Opinion: ExxonMobil Case Slams Door on Legislators, Public-Interest Groups

R. William Potter | October 15, 2015 | Opinion
The judge’s rulings in critical environmental action amounts to declaring that ‘the state DEP knows best’

Credit: Amanda Brown
R. William Potter
On October 9, a judge slammed shut the courthouse door to environmental watchdog groups and a state senator seeking to ensure adequate funds for the cleanup of sites heavily polluted by energy giant ExxonMobil. In his ruling, Judge Hogan held that the Department of Environmental Protection “adequately represents” their interest in getting Exxon to finance the cleanup of its pollution.

Asserting that the Christie administration’s DEP knows what’s best for the state, the judge in the natural-resources damages (NRD) case refused to allow environmental groups and State Senator Ray Lesniak to intervene against the DEP’s plan to settle the state’s claim of $8.9 billion in pollution damage for a relative pittance of $225 million. That’s a lot money to most of us, but pocket change for Exxon.

The court employed a strain of logic straight out of the 1950s sitcom “Father Knows Best,” reasoning that because “the DEP adequately represents their interests,” therefore the coalition of statewide environmental groups — Sierra Club, Clean Water Action, Delaware Riverkeeper, and Environment New Jersey — would not be allowed into the case to contest the Exxon settlement.

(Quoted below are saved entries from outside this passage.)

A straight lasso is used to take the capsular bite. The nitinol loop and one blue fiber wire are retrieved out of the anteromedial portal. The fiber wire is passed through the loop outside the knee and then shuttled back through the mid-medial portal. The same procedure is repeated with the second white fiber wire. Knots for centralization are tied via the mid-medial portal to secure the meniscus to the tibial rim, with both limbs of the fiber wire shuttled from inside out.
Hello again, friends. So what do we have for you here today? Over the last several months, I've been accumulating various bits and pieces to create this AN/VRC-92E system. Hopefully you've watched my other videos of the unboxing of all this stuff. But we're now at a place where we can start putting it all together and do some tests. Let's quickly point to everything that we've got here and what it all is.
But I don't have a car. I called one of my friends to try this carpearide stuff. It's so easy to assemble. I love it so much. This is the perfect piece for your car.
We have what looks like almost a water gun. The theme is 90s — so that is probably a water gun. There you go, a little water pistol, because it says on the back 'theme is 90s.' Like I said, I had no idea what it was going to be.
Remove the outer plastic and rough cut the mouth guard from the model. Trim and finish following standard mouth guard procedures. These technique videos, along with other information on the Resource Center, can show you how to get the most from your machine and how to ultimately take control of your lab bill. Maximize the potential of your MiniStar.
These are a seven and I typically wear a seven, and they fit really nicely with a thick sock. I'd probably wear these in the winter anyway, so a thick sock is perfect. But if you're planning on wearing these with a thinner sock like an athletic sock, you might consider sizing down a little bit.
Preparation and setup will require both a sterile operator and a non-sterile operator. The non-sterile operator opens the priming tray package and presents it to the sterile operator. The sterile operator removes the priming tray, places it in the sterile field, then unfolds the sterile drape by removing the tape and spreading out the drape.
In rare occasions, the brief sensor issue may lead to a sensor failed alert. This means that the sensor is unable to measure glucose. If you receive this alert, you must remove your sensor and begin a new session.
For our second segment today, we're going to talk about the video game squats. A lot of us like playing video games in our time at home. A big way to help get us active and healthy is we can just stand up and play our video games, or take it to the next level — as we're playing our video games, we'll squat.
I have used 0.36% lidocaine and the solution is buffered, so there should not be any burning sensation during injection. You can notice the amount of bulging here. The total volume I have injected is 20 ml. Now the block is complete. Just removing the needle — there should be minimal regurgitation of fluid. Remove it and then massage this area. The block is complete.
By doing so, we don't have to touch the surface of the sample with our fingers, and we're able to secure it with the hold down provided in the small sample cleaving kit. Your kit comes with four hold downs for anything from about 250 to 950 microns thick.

In so doing, the judge — “temporarily assigned’’ and pulled out of retirement — paid lip service to New Jersey’s longstanding judicial policy that favors “liberal standing,” allowing public interest groups to initiate or join in lawsuits. The state’s open-door policy stands — or stood — in sharp contrast to the federal courts, which take a narrow view of whether someone has “standing to sue,” and thus a right to be heard in court.

The judge all but ignored this liberal state policy — enunciated in dozens of cases — and relied instead on federal court cases denying standing except in the narrowest category of cases in which would-be litigants had to survive byzantine tests of “standing.”

The fed’s strict standing policy is based on the U.S. Constitution and its “case or controversy” Article III requirement to show “subject matter jurisdiction” in a federal court.

But the New Jersey Constitution contains no such limitation. This distinction enabled the state Supreme Court — going back at least to a 1974 precedent — to flat out reject legal technicalities that would bar the court to parties representing noneconomic interests, such as protection of the environment.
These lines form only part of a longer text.